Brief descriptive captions

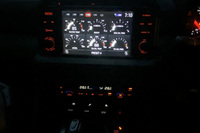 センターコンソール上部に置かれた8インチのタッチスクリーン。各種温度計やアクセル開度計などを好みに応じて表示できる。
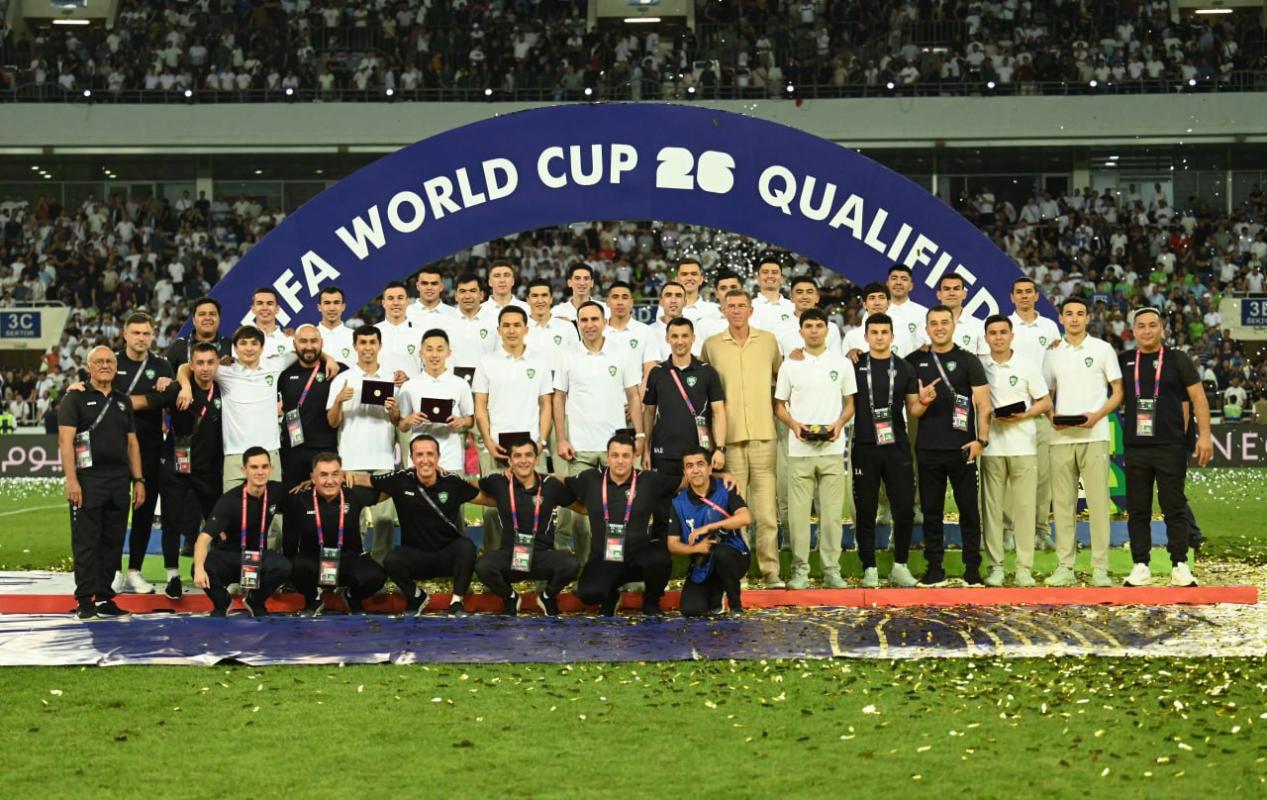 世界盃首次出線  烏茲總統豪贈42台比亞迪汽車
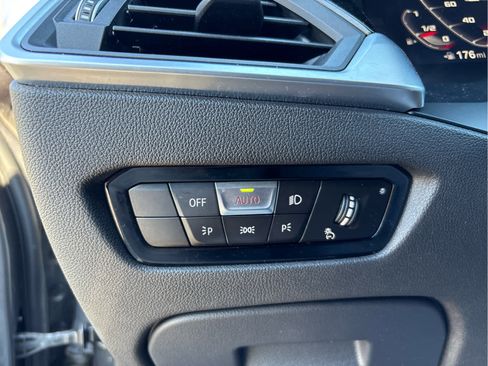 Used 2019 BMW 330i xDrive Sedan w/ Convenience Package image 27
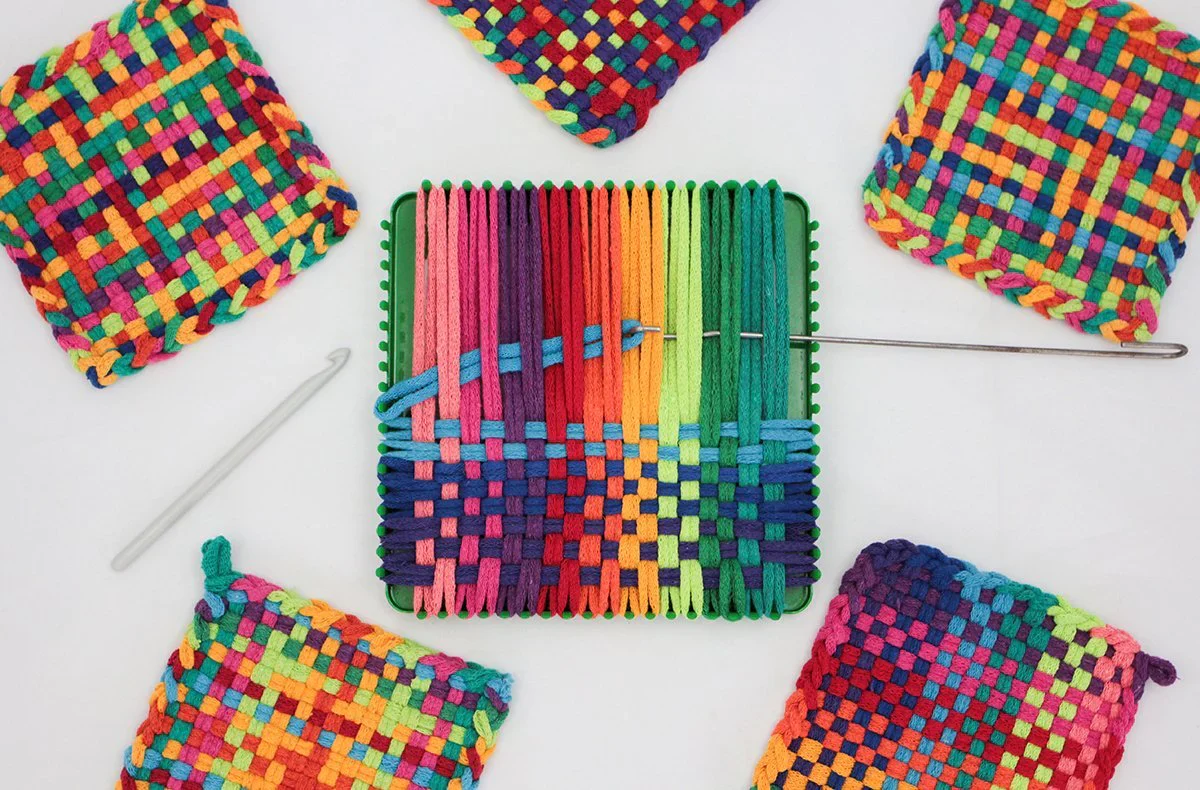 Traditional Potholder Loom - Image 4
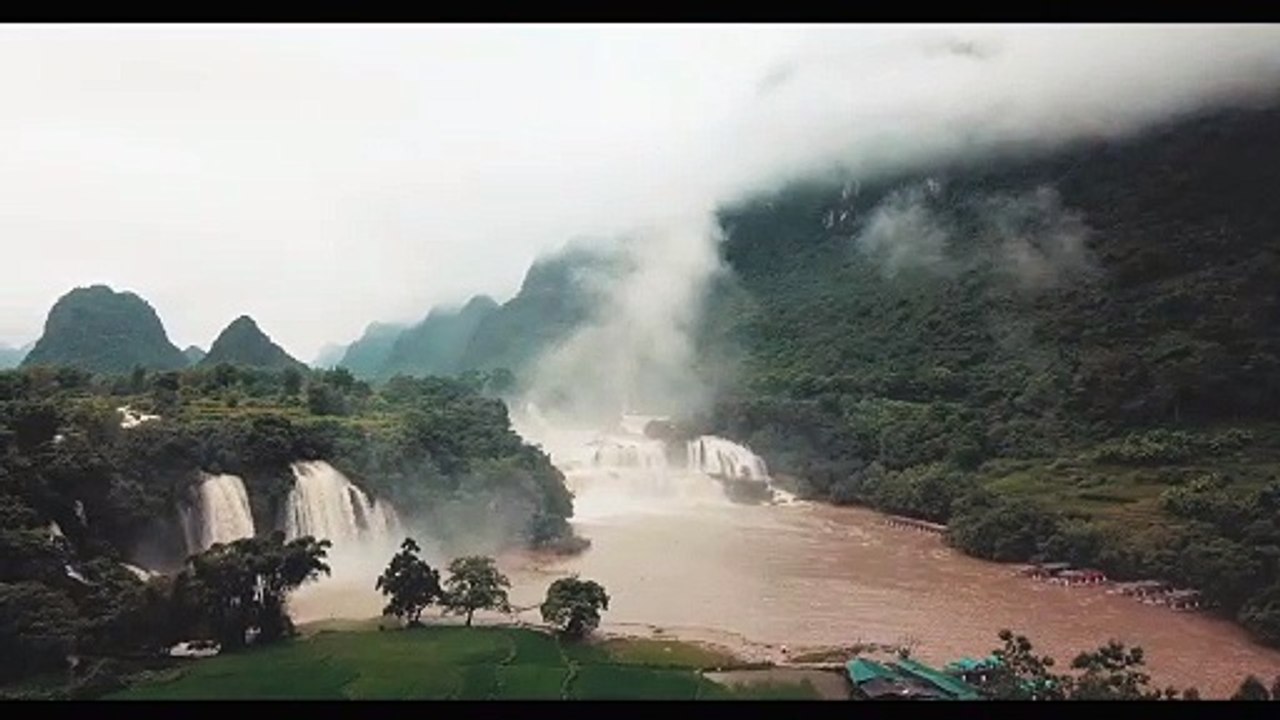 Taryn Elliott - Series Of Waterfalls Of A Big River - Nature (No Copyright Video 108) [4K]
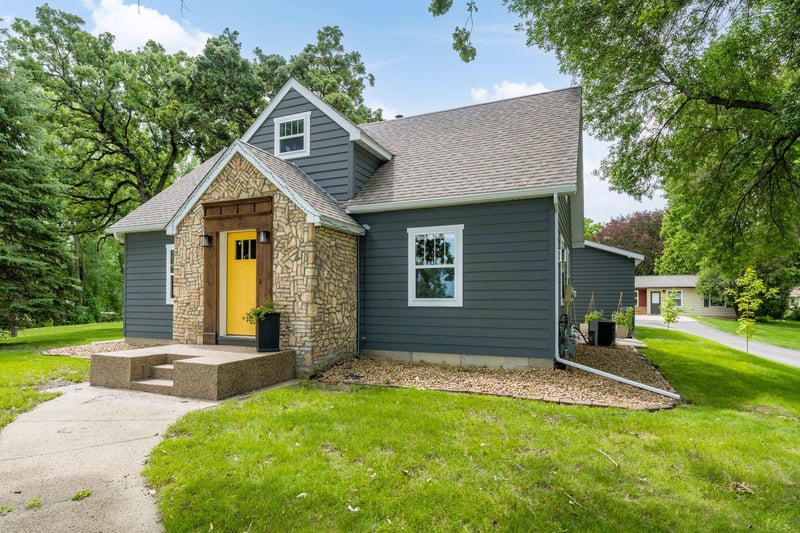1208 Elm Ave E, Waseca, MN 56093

— Assignment —
From the first line of the records through the line containing "Traditional Potholder Loom - Image 4", please output exactly those lines and nothing more, leaving out the pictures.

— Exercise result —
 センターコンソール上部に置かれた8インチのタッチスクリーン。各種温度計やアクセル開度計などを好みに応じて表示できる。
 世界盃首次出線  烏茲總統豪贈42台比亞迪汽車
 Used 2019 BMW 330i xDrive Sedan w/ Convenience Package image 27
 Traditional Potholder Loom - Image 4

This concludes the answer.